Analyser les performances des lanceurs pour optimiser vos paris
Le problème qui freine la plupart des parieurs
Vous avez déjà misé, vu le score changer après la sixième manche, et pensé “j’aurais pu anticiper”. Le cœur du blocage : ignorer les indicateurs de forme du lanceur. Ici, pas de théorie vague, mais des métriques qui frappent comme un fastball à 95 mph.
Les stats qui comptent vraiment
Premièrement, le FIP (Fielding Independent Pitching). Oubliez le ERA qui se fait souvent piéger par la défense derrière. Le FIP vous montre ce que le lanceur contrôle vraiment : coups de frappe, buts sur balles, home runs, et walk. Un FIP inférieur à 3,00 indique une domination brute.
Ensuite, le WHIP (Walks + Hits per Inning Pitched). Un chiffre sous 1,10 ? Vous avez trouvé le genre de lanceur qui étouffe les batteurs.
Et enfin, la tendance des dernières 5 apparitions. S’ils ont réduit leurs K/9 et augmenté leurs BB/9, méfiez‑vous. Les tendances récentes écrasent souvent les moyennes saisonnières.

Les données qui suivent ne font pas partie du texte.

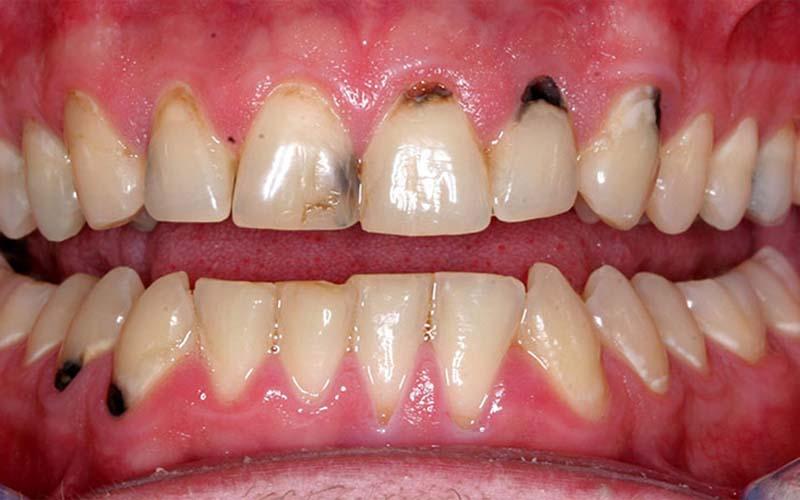 Nguyên nhân khiến viền chân răng bị đen và cách xử lý hiệu quả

Comment décrypter le contexte
Les ballparks ne sont pas tous égaux. Dodger Stadium, par exemple, est un piège à home runs. Un lanceur dont le HR/9 est élevé y sera plus risqué. À l’inverse, Coors Field favorise les frappes longues, alors un starter à faible HR/9 y gagne du terrain.

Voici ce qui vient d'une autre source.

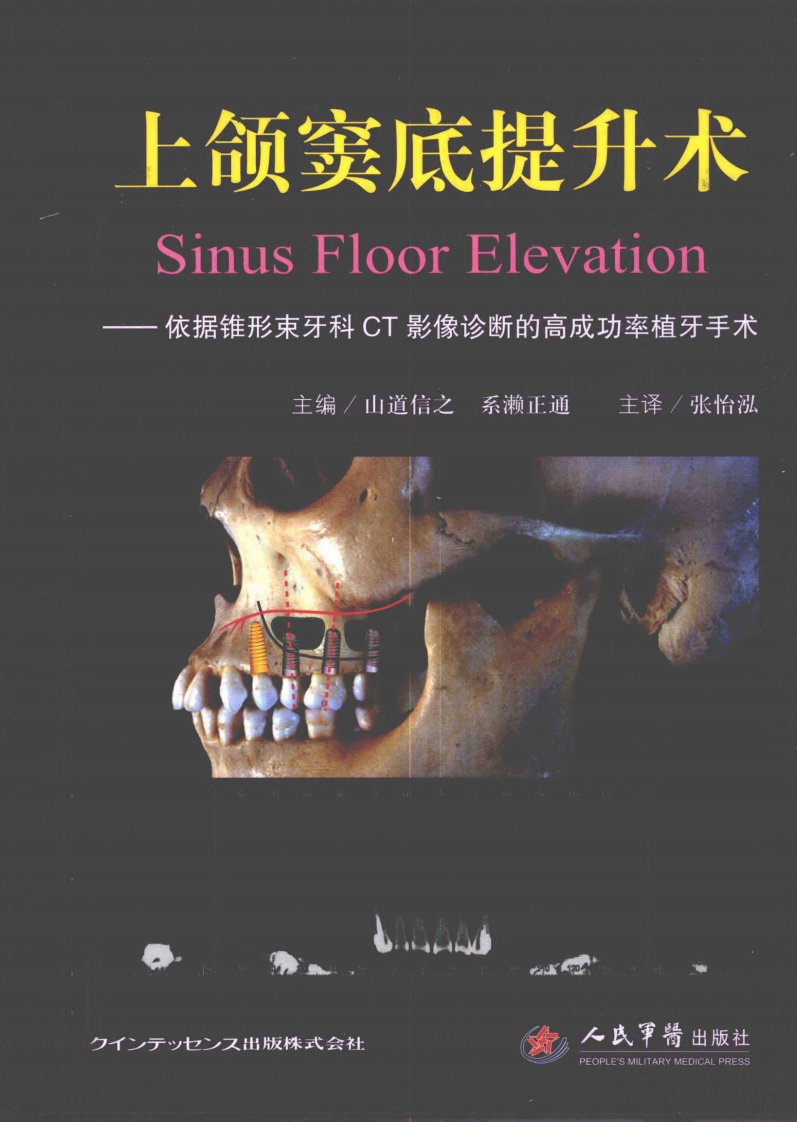 082上颌窦底提升术.pdf 第1页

Le jour de repos. Un reliever qui a lancé 110 pitches la veille est suspect. Une fatigue résiduelle affecte vitesse, contrôle et trajectoire.
Le match‑up. Une équipe qui excelle contre les lanceurs gauchers rend votre droitier vulnérable. Analysez les splits : si le Batsmen X a un .350 contre les gauchers, évitez la mise.
Exemple concret de prise de décision
Imaginez le starter de New York, 2,85 FIP, WHIP 0,95, mais 4 home runs concédés sur les deux dernières sorties à Boston (un stade qui neutralise les home runs). Le pari sur le total des points dépassé serait sage, mais miser sur le “under” du total d’ER? Risqué.
En gros, combinez le FIP, le WHIP, le trend des 5 dernières sorties, le facteur du stade, et le matchup. Chaque donnée agit comme une couche d’armure; retirez‑en une et votre pronostic s’effondre.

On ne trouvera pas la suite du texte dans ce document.